> [Task requirements]
Write out every line below again exactly as it stands, skipping each image.

> [Input material]
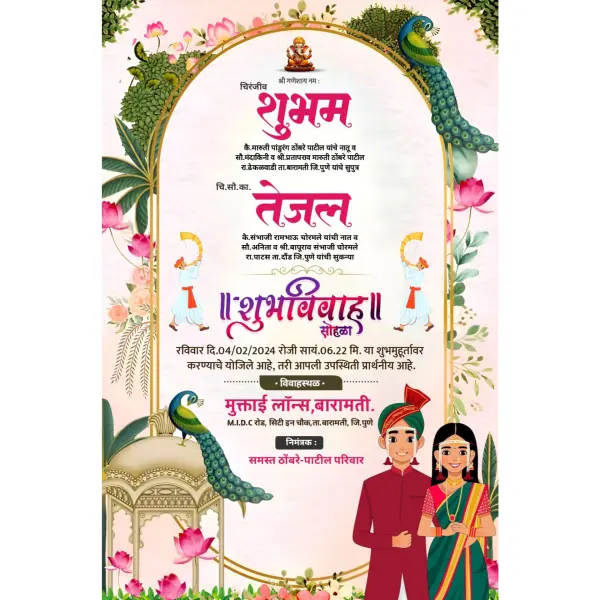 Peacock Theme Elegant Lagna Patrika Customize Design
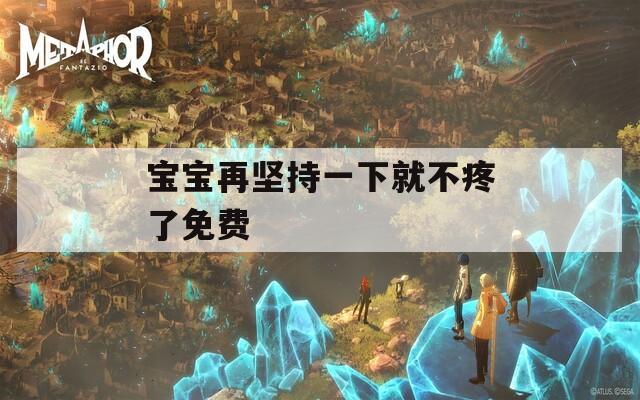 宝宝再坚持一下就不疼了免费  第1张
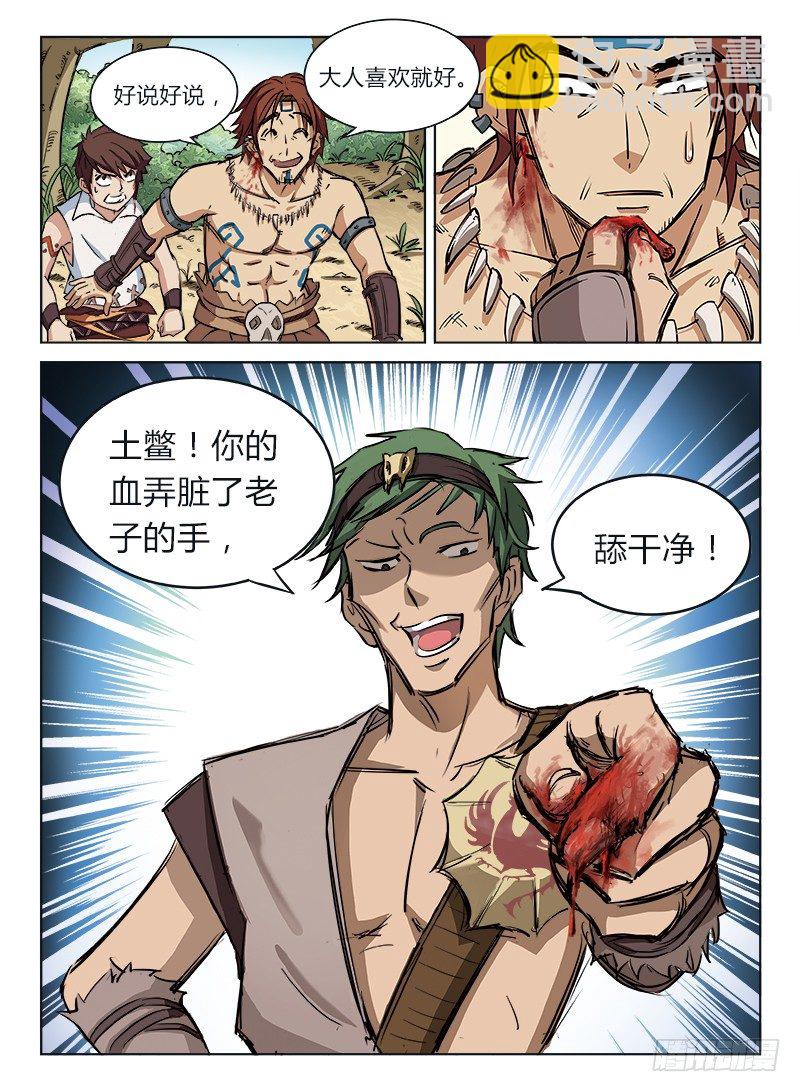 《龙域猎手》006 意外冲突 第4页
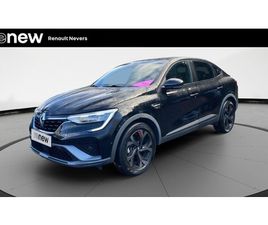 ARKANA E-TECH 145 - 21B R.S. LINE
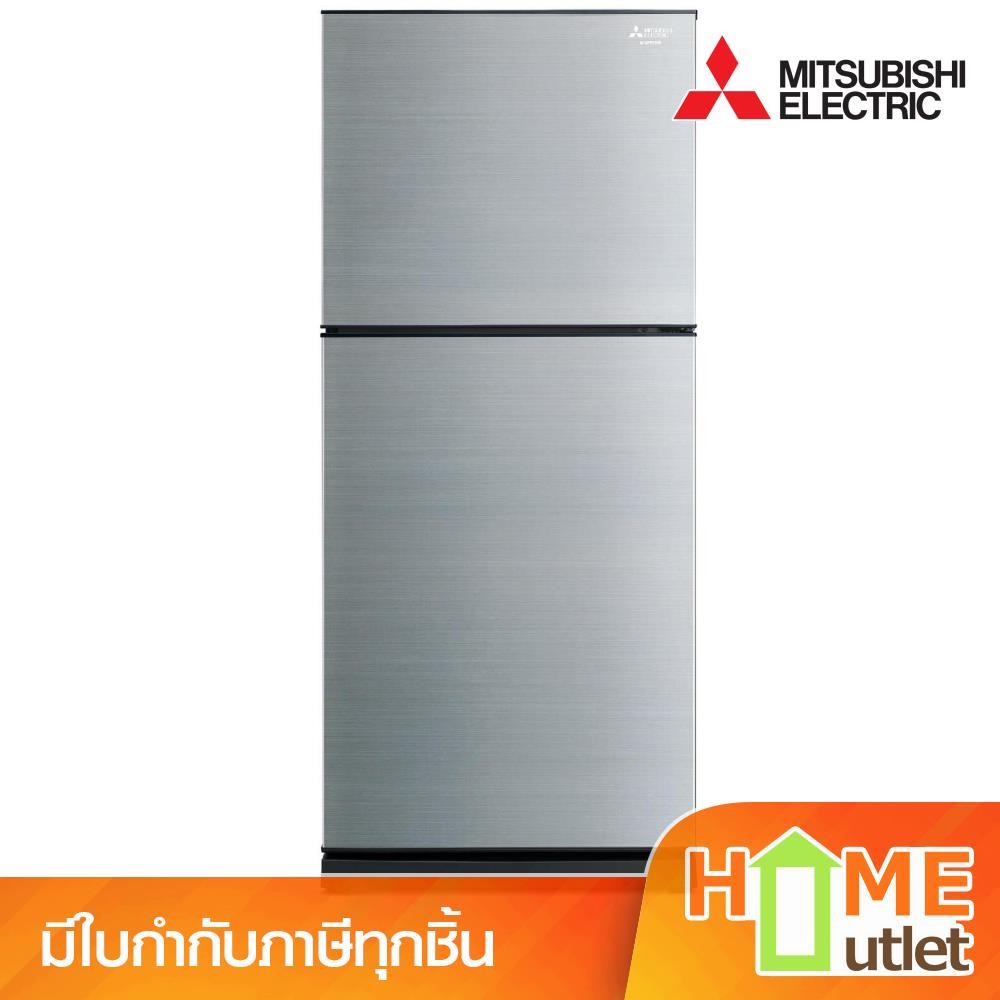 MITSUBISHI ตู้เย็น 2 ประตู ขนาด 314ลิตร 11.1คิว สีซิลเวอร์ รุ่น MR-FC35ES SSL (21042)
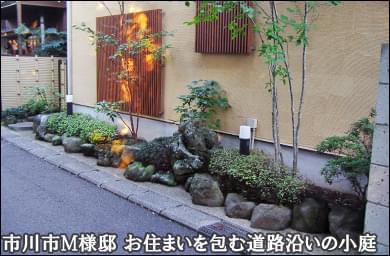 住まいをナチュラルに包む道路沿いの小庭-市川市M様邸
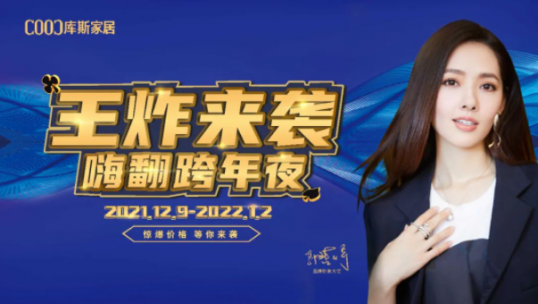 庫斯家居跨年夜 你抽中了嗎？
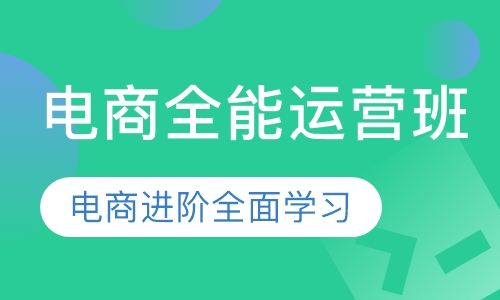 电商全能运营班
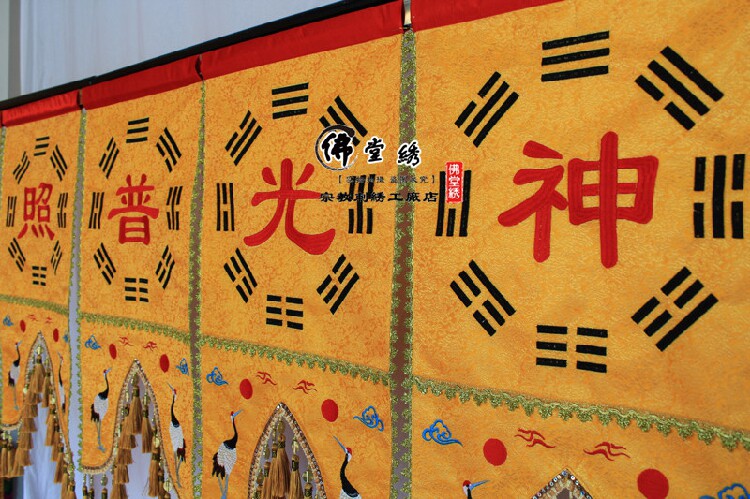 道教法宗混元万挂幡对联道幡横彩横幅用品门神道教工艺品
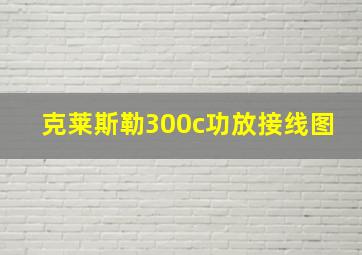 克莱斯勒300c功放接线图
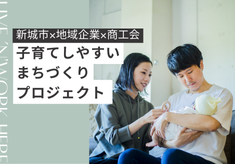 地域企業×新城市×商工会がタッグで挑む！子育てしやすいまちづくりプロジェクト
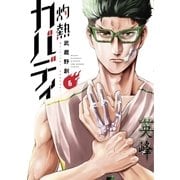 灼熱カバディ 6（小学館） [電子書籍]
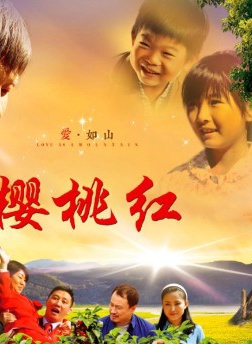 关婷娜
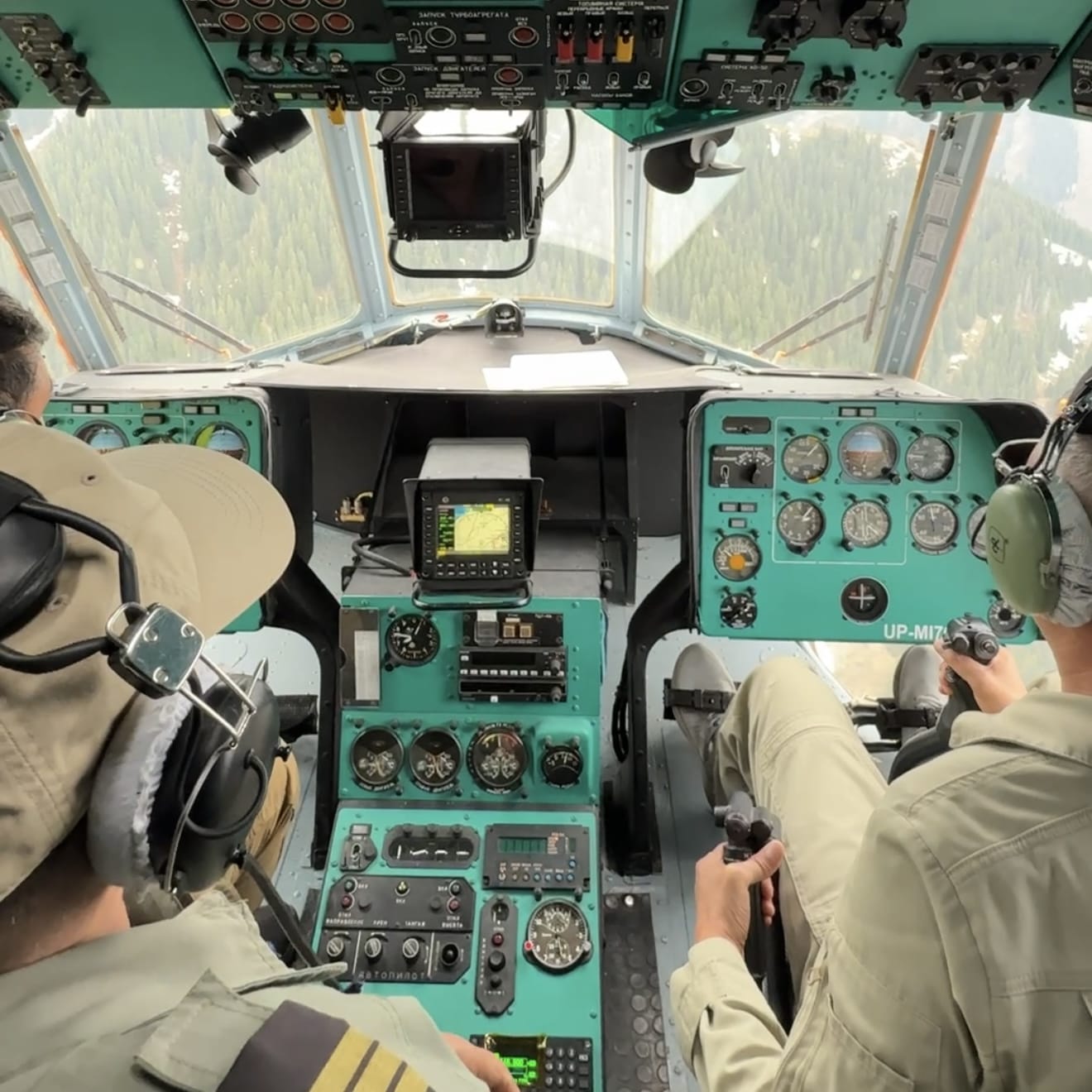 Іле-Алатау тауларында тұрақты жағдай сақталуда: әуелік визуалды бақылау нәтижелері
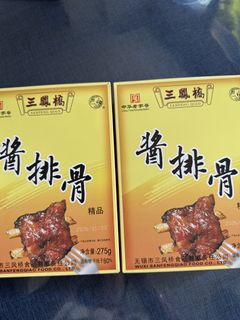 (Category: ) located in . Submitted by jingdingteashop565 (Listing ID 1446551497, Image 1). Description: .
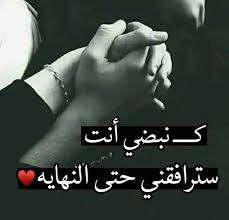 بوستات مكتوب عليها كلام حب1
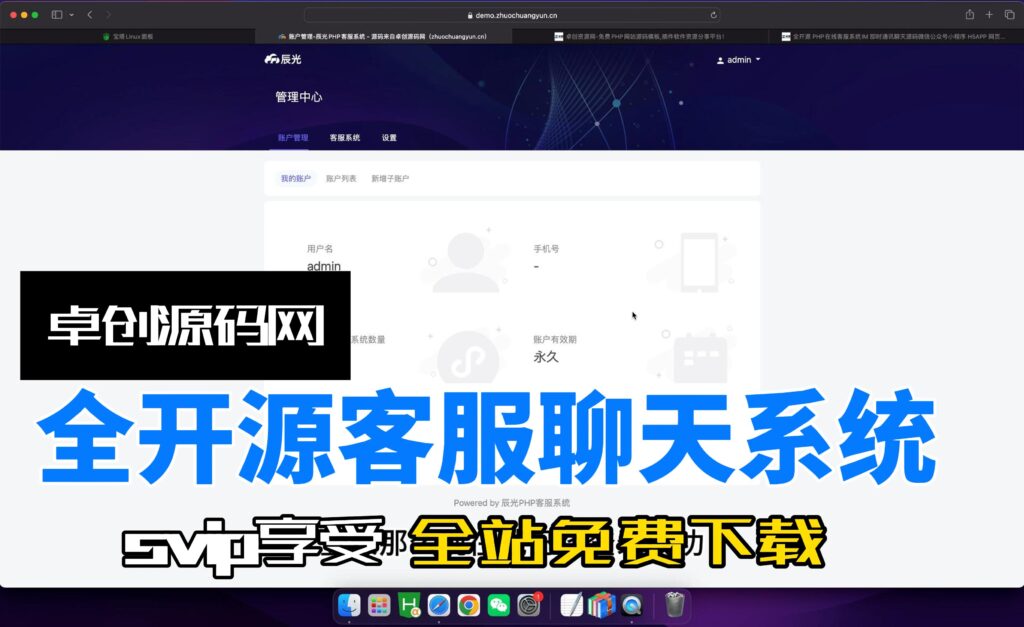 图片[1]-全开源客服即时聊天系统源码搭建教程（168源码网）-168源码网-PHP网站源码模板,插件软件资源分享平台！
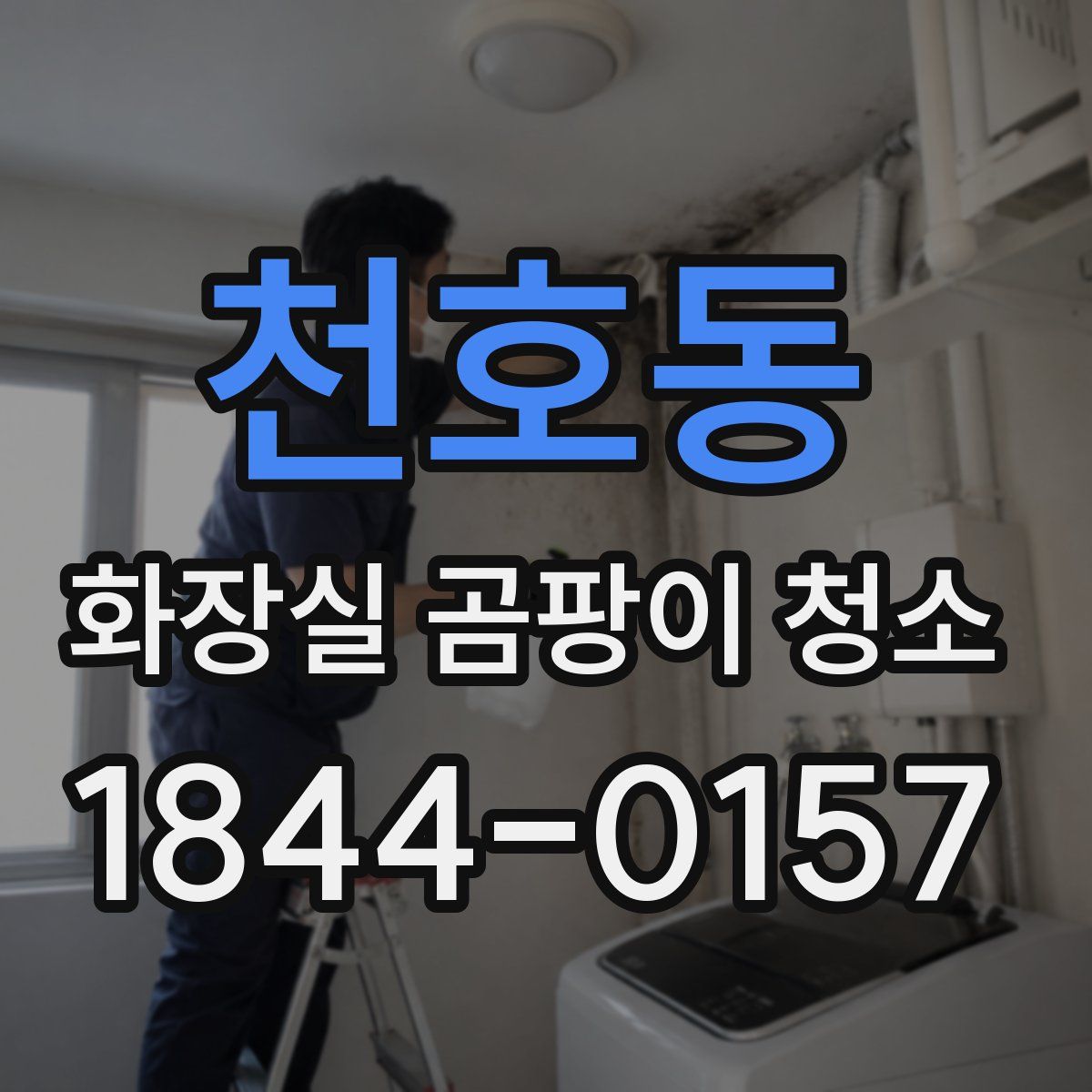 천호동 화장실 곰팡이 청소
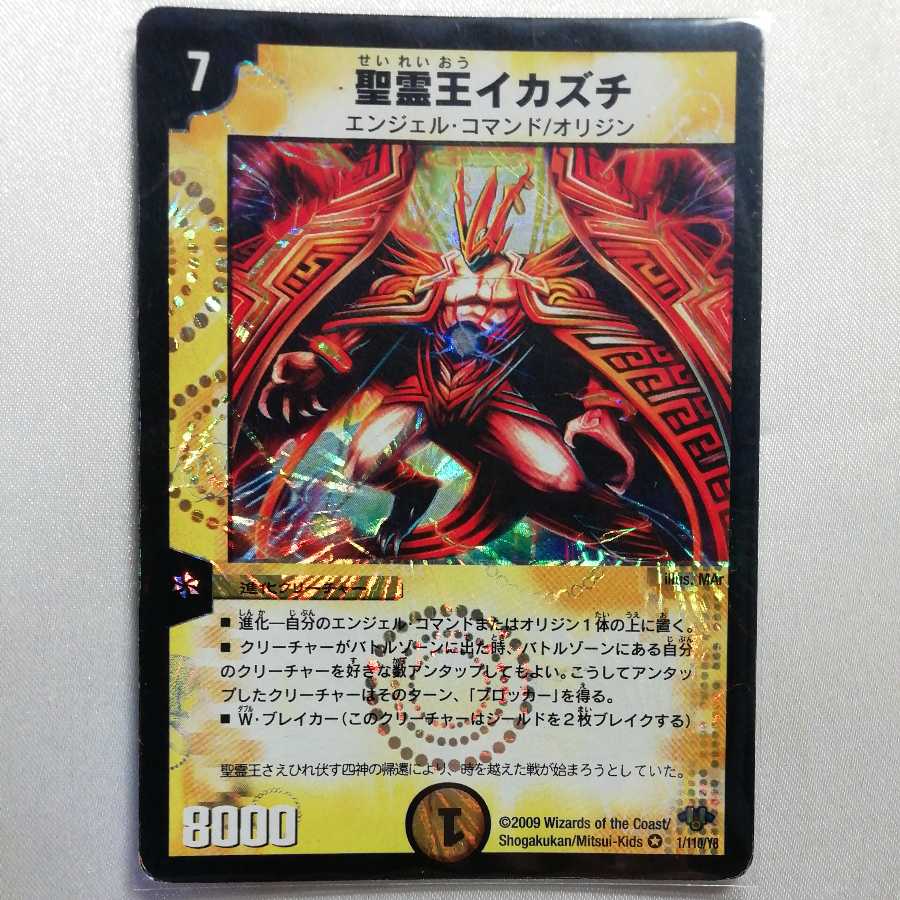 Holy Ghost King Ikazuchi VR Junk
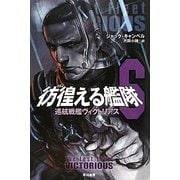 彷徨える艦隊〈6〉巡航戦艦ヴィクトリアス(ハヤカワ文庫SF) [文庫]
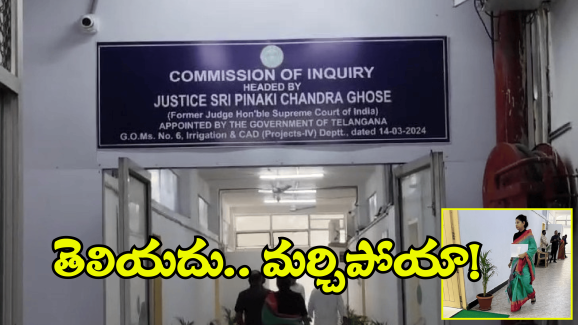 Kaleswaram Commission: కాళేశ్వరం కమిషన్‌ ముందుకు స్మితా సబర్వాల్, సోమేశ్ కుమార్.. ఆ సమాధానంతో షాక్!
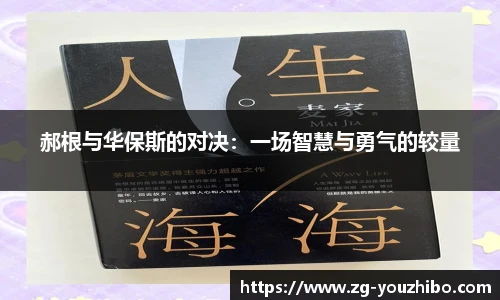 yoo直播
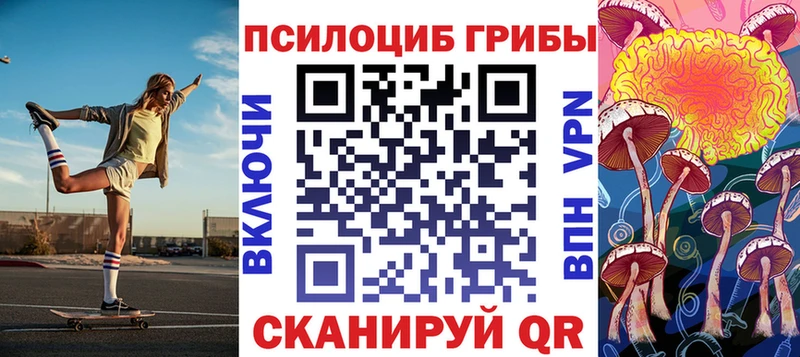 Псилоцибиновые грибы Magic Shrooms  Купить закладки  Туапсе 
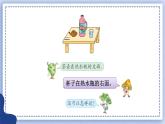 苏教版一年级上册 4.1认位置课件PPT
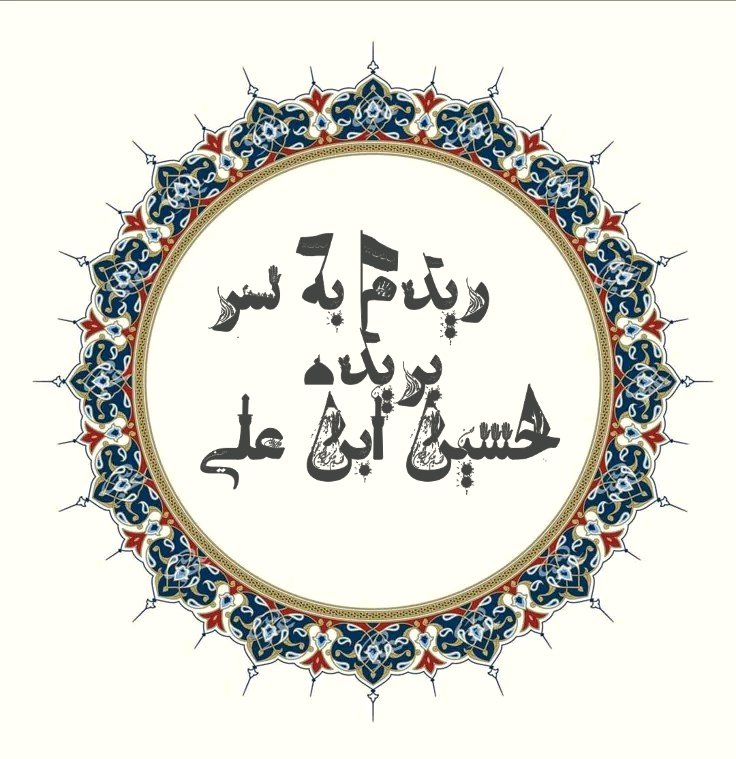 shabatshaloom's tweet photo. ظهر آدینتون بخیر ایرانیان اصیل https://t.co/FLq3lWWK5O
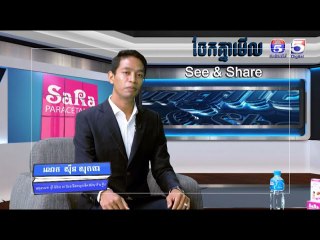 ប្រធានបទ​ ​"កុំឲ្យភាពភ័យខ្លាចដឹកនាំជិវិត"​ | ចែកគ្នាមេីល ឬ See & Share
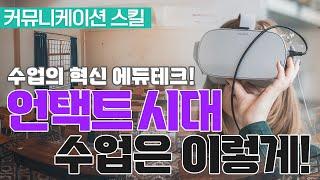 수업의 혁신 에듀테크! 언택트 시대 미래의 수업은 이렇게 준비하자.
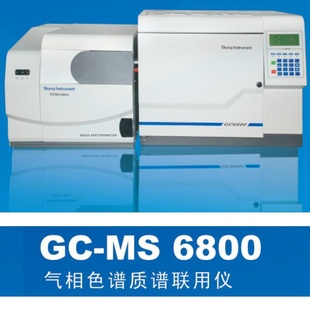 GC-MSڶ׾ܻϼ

> [Result]
 Peacock Theme Elegant Lagna Patrika Customize Design
 宝宝再坚持一下就不疼了免费  第1张
 《龙域猎手》006 意外冲突 第4页
 ARKANA E-TECH 145 - 21B R.S. LINE
 MITSUBISHI ตู้เย็น 2 ประตู ขนาด 314ลิตร 11.1คิว สีซิลเวอร์ รุ่น MR-FC35ES SSL (21042)
 住まいをナチュラルに包む道路沿いの小庭-市川市M様邸
 庫斯家居跨年夜 你抽中了嗎？
 电商全能运营班
 道教法宗混元万挂幡对联道幡横彩横幅用品门神道教工艺品
 克莱斯勒300c功放接线图
 地域企業×新城市×商工会がタッグで挑む！子育てしやすいまちづくりプロジェクト
 灼熱カバディ 6（小学館） [電子書籍]
 关婷娜
 Іле-Алатау тауларында тұрақты жағдай сақталуда: әуелік визуалды бақылау нәтижелері
 (Category: ) located in . Submitted by jingdingteashop565 (Listing ID 1446551497, Image 1). Description: .
 بوستات مكتوب عليها كلام حب1
 图片[1]-全开源客服即时聊天系统源码搭建教程（168源码网）-168源码网-PHP网站源码模板,插件软件资源分享平台！
 천호동 화장실 곰팡이 청소
 Holy Ghost King Ikazuchi VR Junk
 彷徨える艦隊〈6〉巡航戦艦ヴィクトリアス(ハヤカワ文庫SF) [文庫]
 Kaleswaram Commission: కాళేశ్వరం కమిషన్‌ ముందుకు స్మితా సబర్వాల్, సోమేశ్ కుమార్.. ఆ సమాధానంతో షాక్!
 yoo直播
 Псилоцибиновые грибы Magic Shrooms  Купить закладки  Туапсе 
 苏教版一年级上册 4.1认位置课件PPT
 shabatshaloom's tweet photo. ظهر آدینتون بخیر ایرانیان اصیل https://t.co/FLq3lWWK5O
 ប្រធានបទ​ ​"កុំឲ្យភាពភ័យខ្លាចដឹកនាំជិវិត"​ | ចែកគ្នាមេីល ឬ See & Share
 수업의 혁신 에듀테크! 언택트 시대 미래의 수업은 이렇게 준비하자.
 GC-MSڶ׾ܻϼ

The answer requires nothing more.